[Recorded data — start]

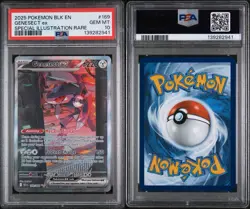 2025 POKEMON BLK EN-BLACK BOLT SPECIAL ILLUSTRATION RARE #169 GENESECT EX PSA 10 - Image 3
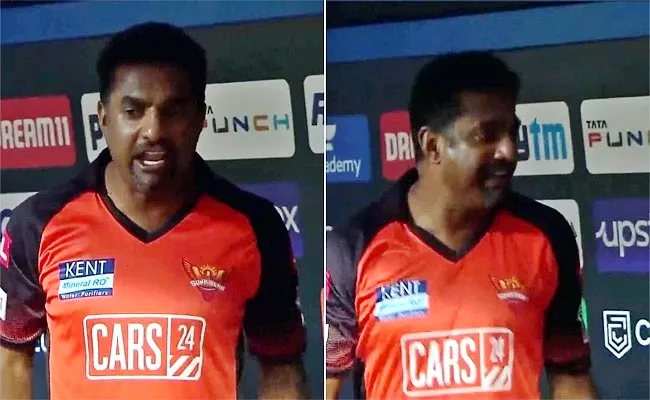 IPL 2022 Muttiah Muralitharan Frustration Marco Jansen Bowling Viral - Sakshi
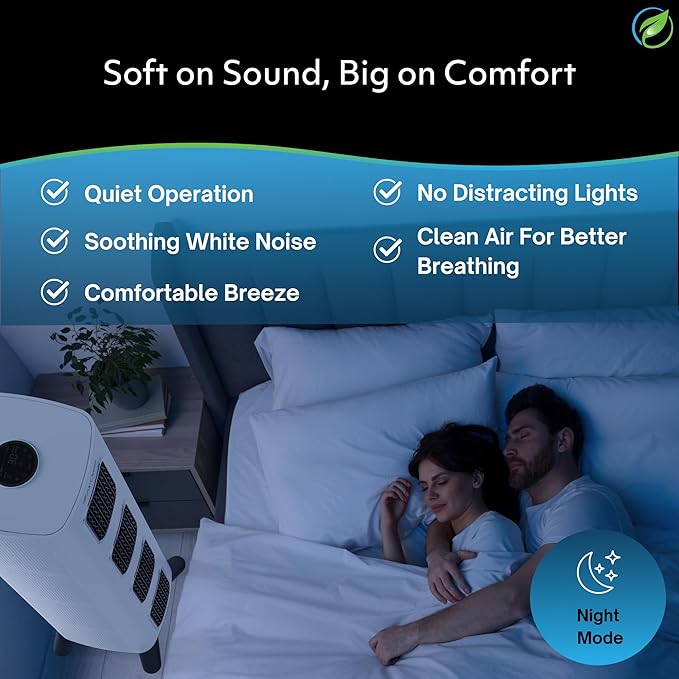 Air Oasis iAdapt 2.0 H13 HEPA Filter Air Purifier | Reduces Up To 99% of Viruses, Mold, Dust, Smoke, Pollen & Odors | Whisper Quiet Operation |WiFi Compatible | 5,474 Sq Ft of Clean Air-CubbioJoy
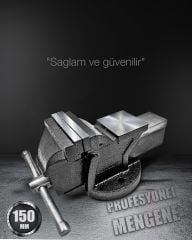 Profesyonel Ağır Hizmet Yüksek Hassasiyetli Kırılmaz Örslü Masa Tezgah Mengenesi 150 mm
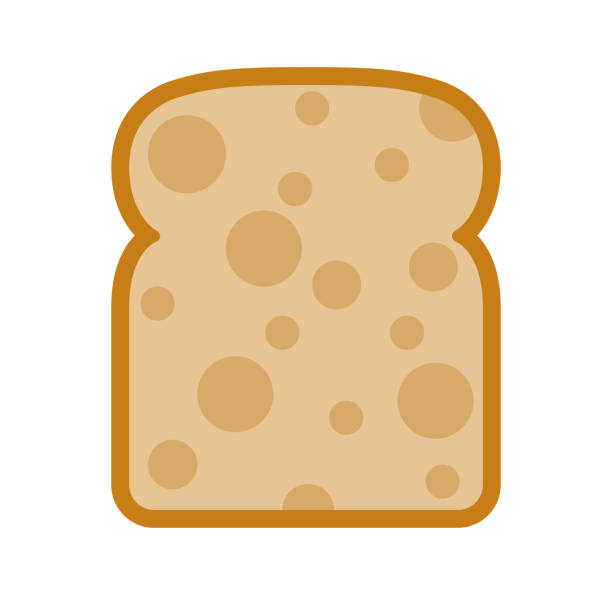 ilustraciones, imágenes clip art, dibujos animados e iconos de stock de icono de pan sobre fondo transparente - whole wheat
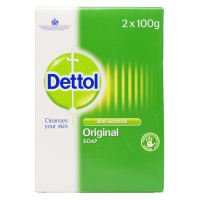 Dettol zeep original antibacterieel (2 x 100 gram)  SDE00055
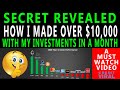 Secret Revealed! How I Made Over $10,000 With My Investments | Credit Viral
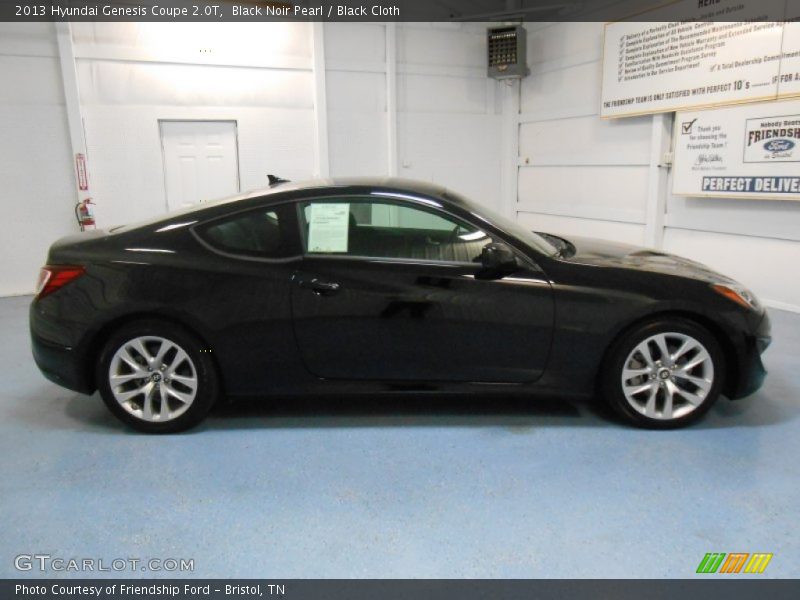 Black Noir Pearl / Black Cloth 2013 Hyundai Genesis Coupe 2.0T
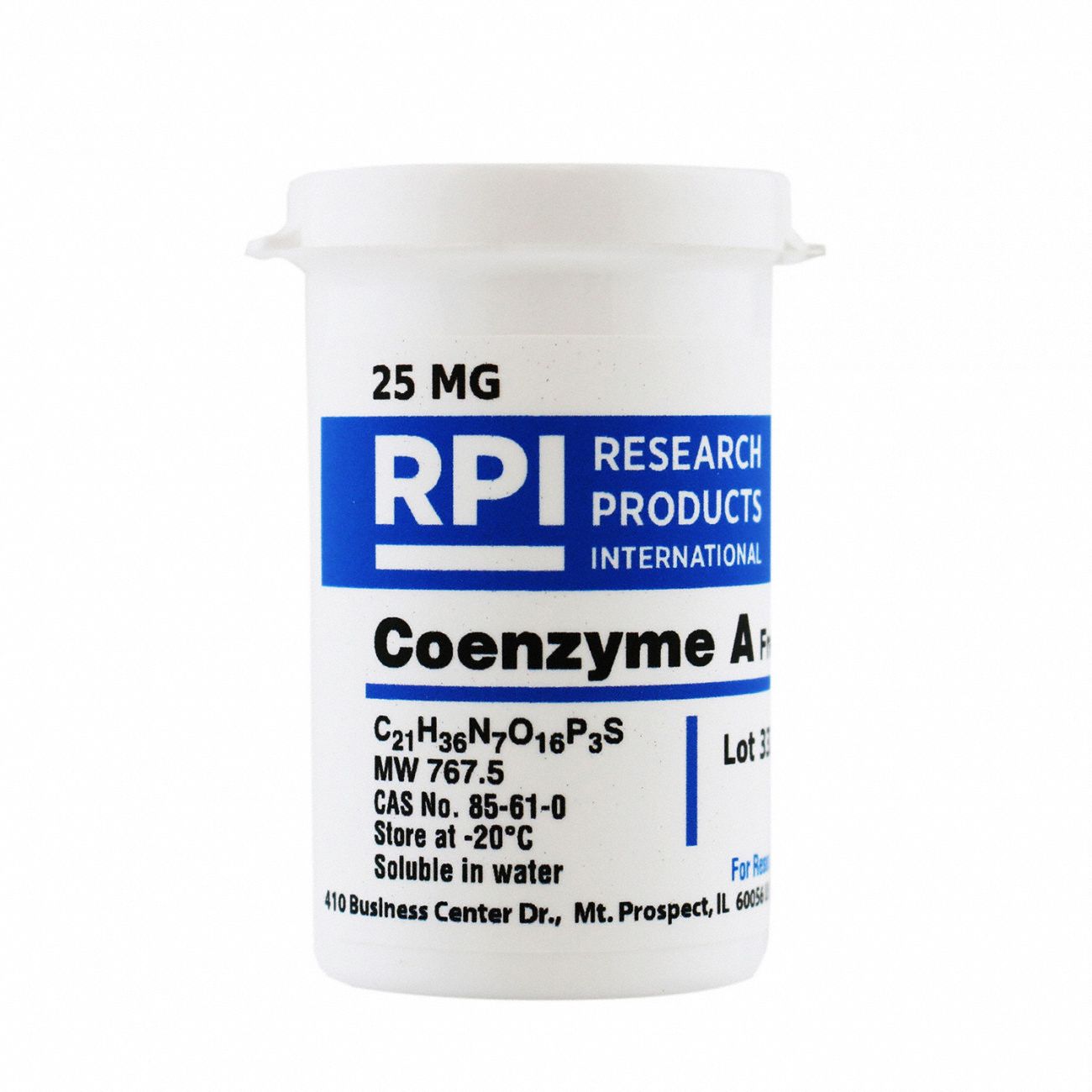 Coenzyme A, Free Acid, 25mg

[Recorded data — finish]

**Brief**
Output the data exactly as it appears. The pictures do not belong in it.

**Solution**
 2025 POKEMON BLK EN-BLACK BOLT SPECIAL ILLUSTRATION RARE #169 GENESECT EX PSA 10 - Image 3
 IPL 2022 Muttiah Muralitharan Frustration Marco Jansen Bowling Viral - Sakshi
 Air Oasis iAdapt 2.0 H13 HEPA Filter Air Purifier | Reduces Up To 99% of Viruses, Mold, Dust, Smoke, Pollen & Odors | Whisper Quiet Operation |WiFi Compatible | 5,474 Sq Ft of Clean Air-CubbioJoy
 Profesyonel Ağır Hizmet Yüksek Hassasiyetli Kırılmaz Örslü Masa Tezgah Mengenesi 150 mm
 ilustraciones, imágenes clip art, dibujos animados e iconos de stock de icono de pan sobre fondo transparente - whole wheat
 Dettol zeep original antibacterieel (2 x 100 gram)  SDE00055
 Secret Revealed! How I Made Over $10,000 With My Investments | Credit Viral
 Black Noir Pearl / Black Cloth 2013 Hyundai Genesis Coupe 2.0T
 Coenzyme A, Free Acid, 25mg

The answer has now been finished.